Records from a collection
━━━━━━━━━━━━━━━━

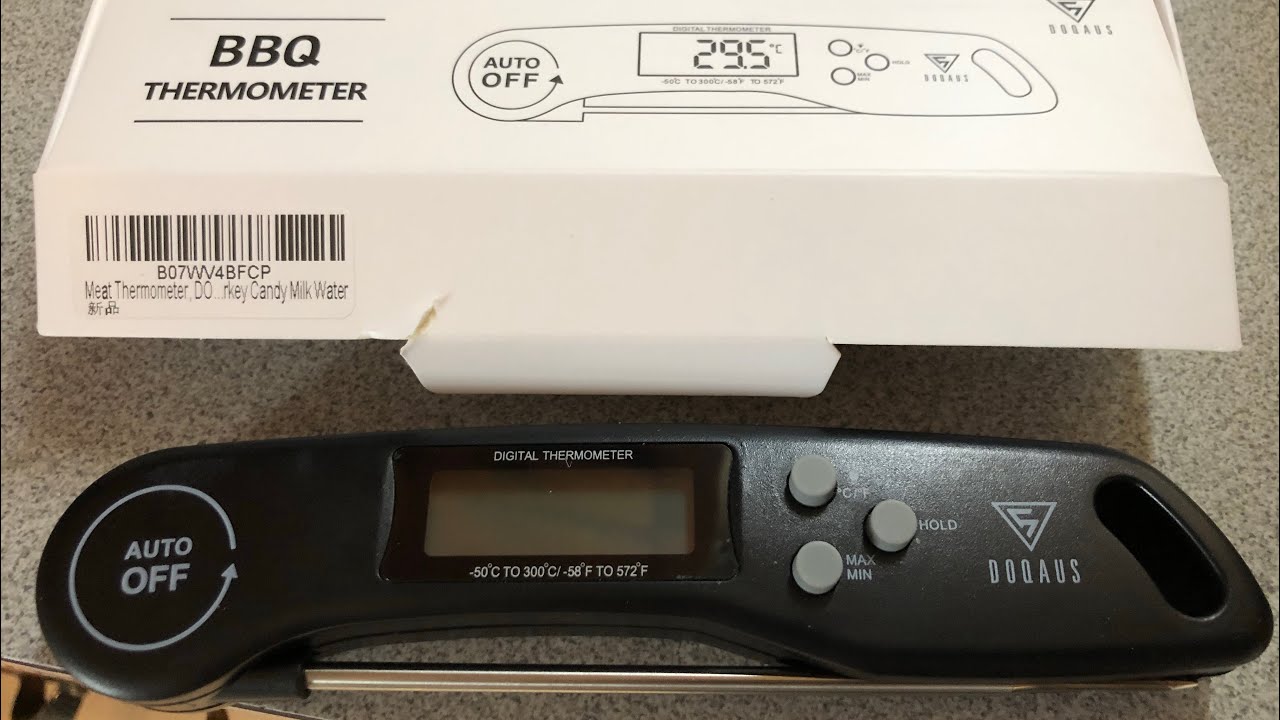 Doqaus digital meat thermometer test/ review score 8/10 YouTube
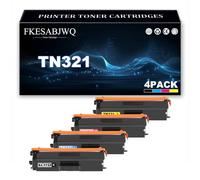 Cartucho Tóner TN321 para Brother HL-L8350CDW DCP-L8450CDW MFC-L8850CDW | para Brother DCP-L8400CDN DCP-L8450CDW MFC-L8600CDW MFC-L8650CDW MFC-L8850CDW HL-L8250CDN HL-L8350CDW,4 Colors-1 Pack
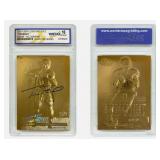 23K Gold Tom Brady Rookie Card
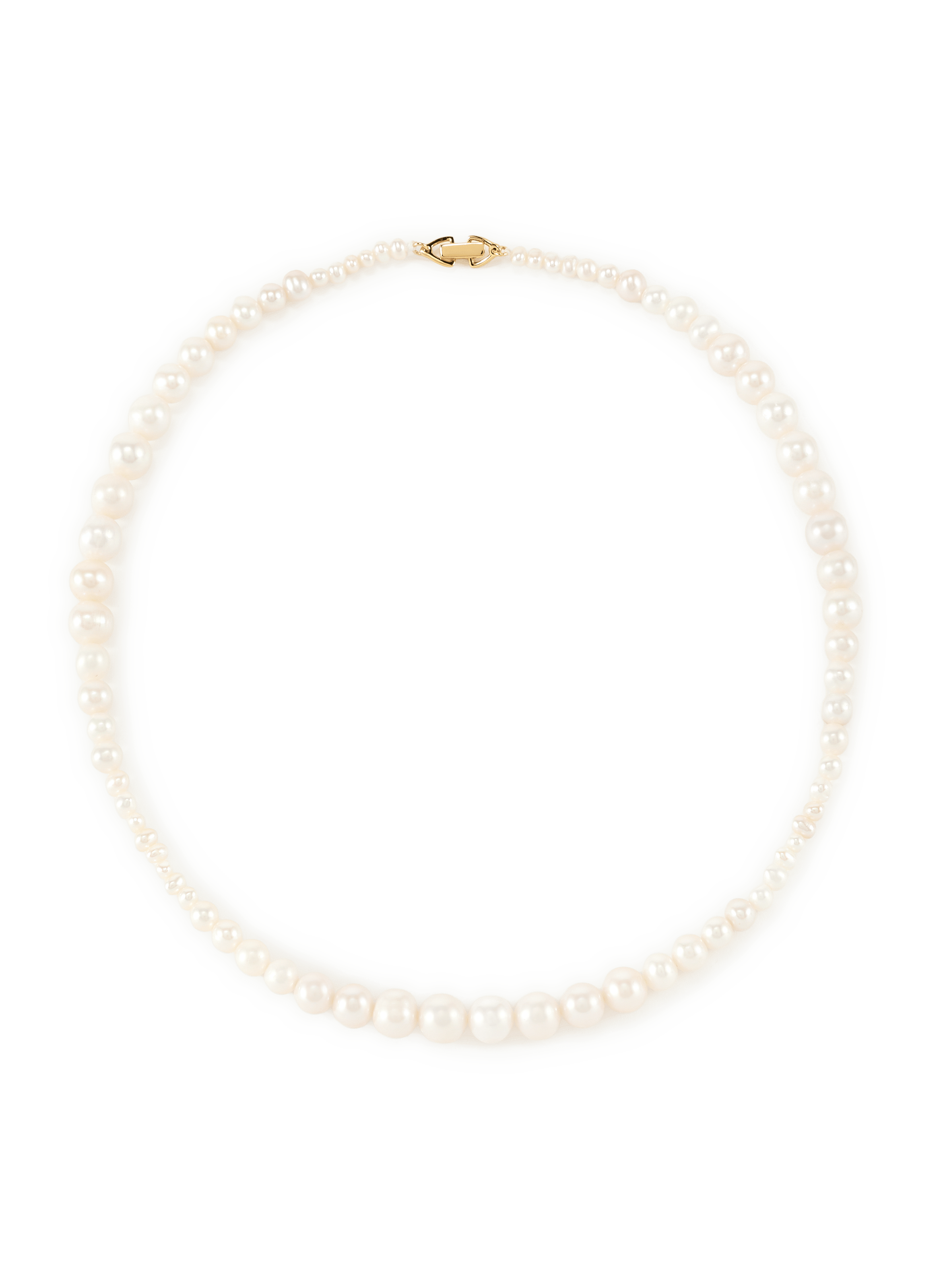 Collier de perles ras-de-cou Olga RAGBAG Blanc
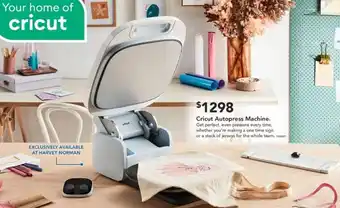 Harvey Norman Cricut Autopress Machine offer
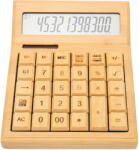  Nagy Méretű Asztali Számológép Százalék Számítással, Fa Hatású, 29 Gombos, Kettős Tápellátás (2612230246411)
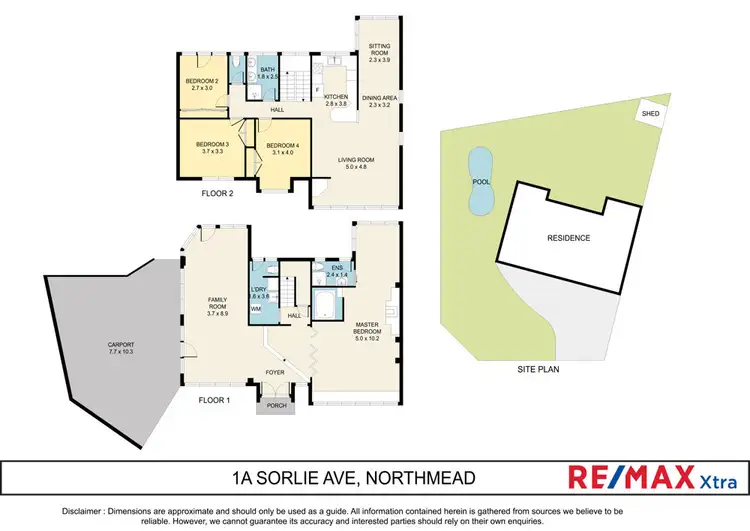 Floorplan of Homely house listing, 1A Sorlie Avenue, Northmead NSW 2152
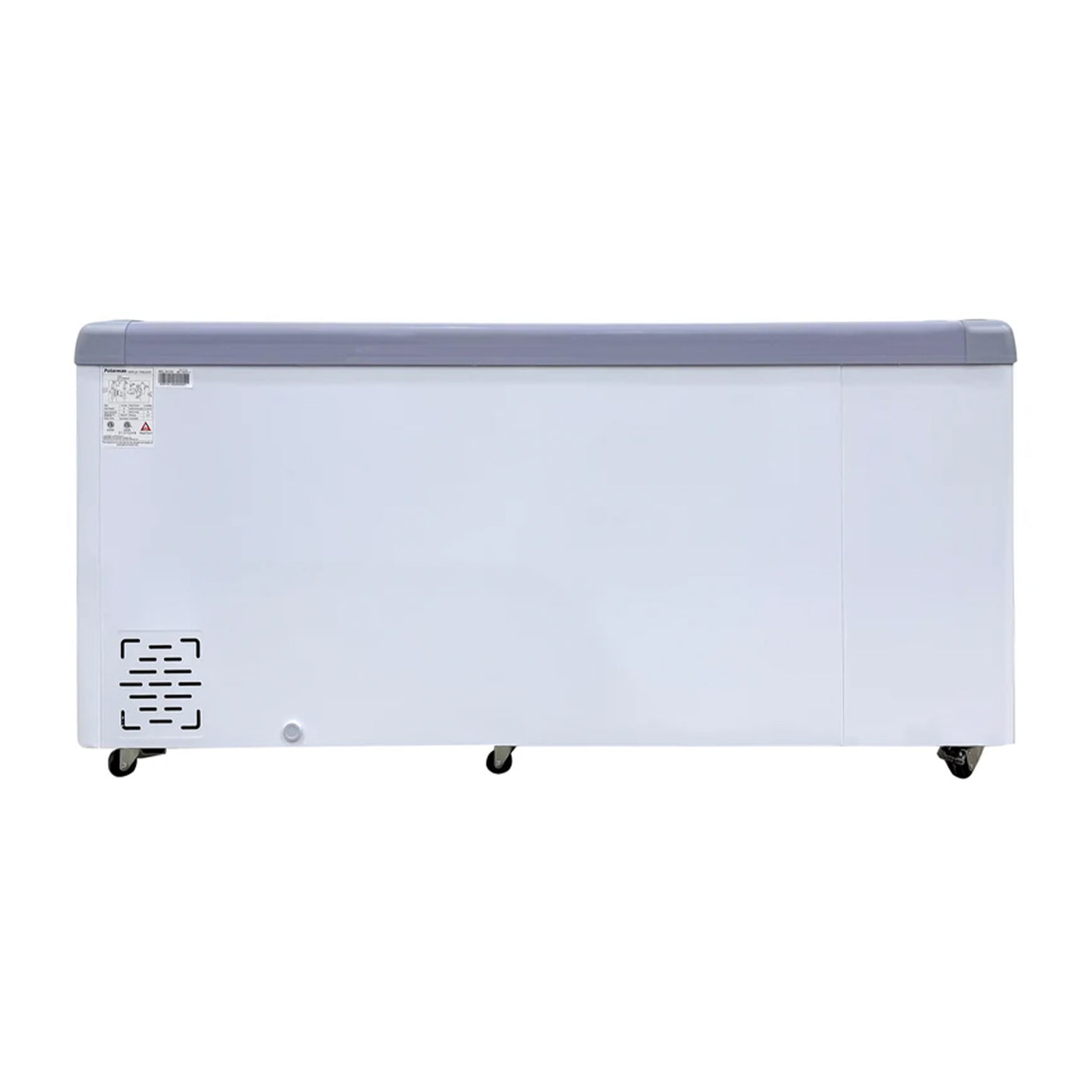 Polarman PLM-S560 70 7/8" Mobile Ice Cream Display Freezer, Curved Sliding Lid with 6 Baskets, 20 cu. ft.
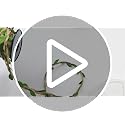 Natural Jute Twine Ribbon with Leaves - 2PCS 33ft for Crafts & Decor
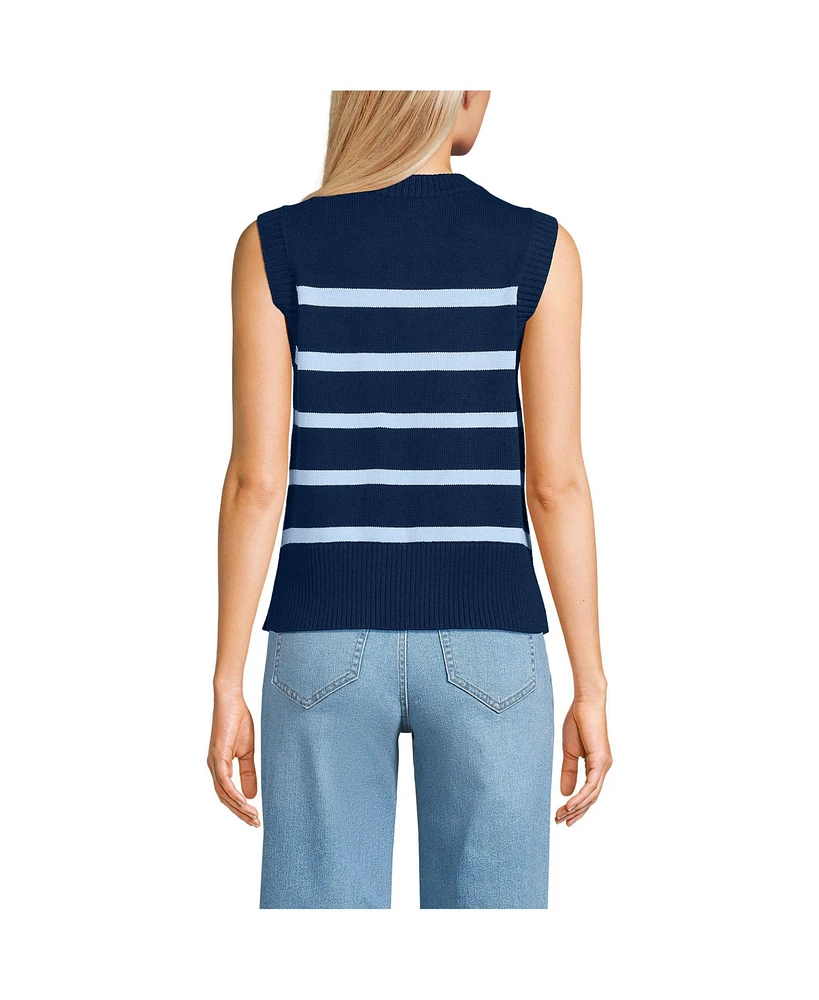 Lands' End Women's Drifter Easy Vest Sweater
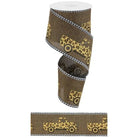 Shop For 2.5" Leopard Truck Gingham Edge Ribbon: Brown (10 Yards) at Michelle's aDOORable Creations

━━━━━━━━━━━━━━━━

** DESCRIPTION OF THE TASK **
Extract only the lines from the line containing "Harvey Norman Cricut Autopress Machine offer" through the final line of the records; keep both ends and drop every picture.

** WRITTEN SOLUTION **
 Harvey Norman Cricut Autopress Machine offer
  Nagy Méretű Asztali Számológép Százalék Számítással, Fa Hatású, 29 Gombos, Kettős Tápellátás (2612230246411)
 Floorplan of Homely house listing, 1A Sorlie Avenue, Northmead NSW 2152
 Polarman PLM-S560 70 7/8" Mobile Ice Cream Display Freezer, Curved Sliding Lid with 6 Baskets, 20 cu. ft.
 Natural Jute Twine Ribbon with Leaves - 2PCS 33ft for Crafts & Decor
 Lands' End Women's Drifter Easy Vest Sweater
 Shop For 2.5" Leopard Truck Gingham Edge Ribbon: Brown (10 Yards) at Michelle's aDOORable Creations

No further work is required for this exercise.